* _Available data_
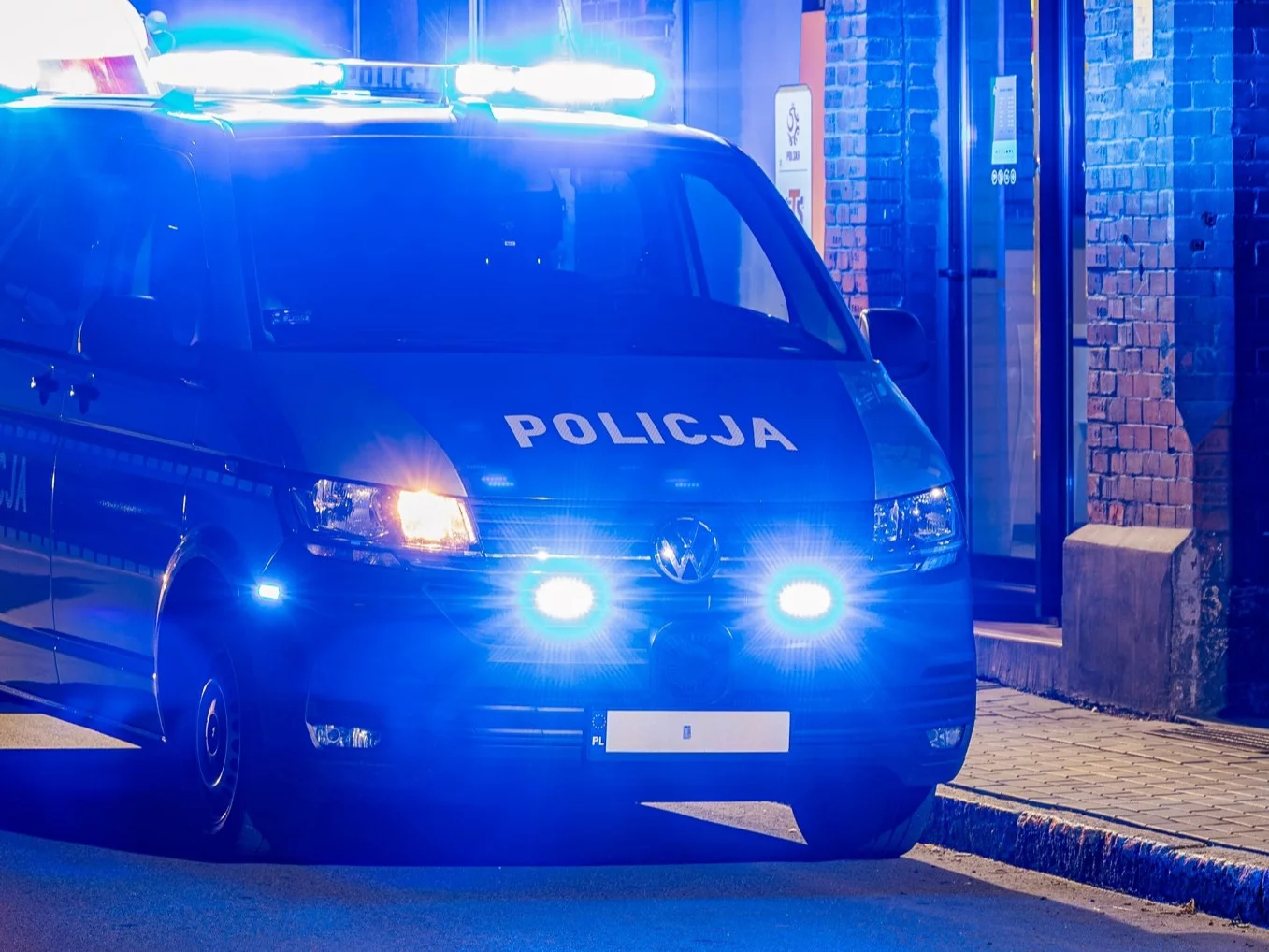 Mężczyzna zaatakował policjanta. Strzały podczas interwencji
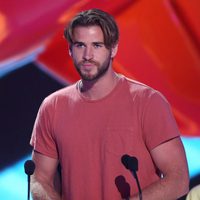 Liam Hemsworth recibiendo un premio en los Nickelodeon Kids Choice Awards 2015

* * *

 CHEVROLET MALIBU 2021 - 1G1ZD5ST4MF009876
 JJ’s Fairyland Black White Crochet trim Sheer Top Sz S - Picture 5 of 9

* _Action item_
Copy only what runs above from the line containing "Mężczyzna zaatakował policjanta." through the line containing "Liam Hemsworth recibiendo", exactly. Leave out the pictures.

* _Answer section_
 Mężczyzna zaatakował policjanta. Strzały podczas interwencji
 Liam Hemsworth recibiendo un premio en los Nickelodeon Kids Choice Awards 2015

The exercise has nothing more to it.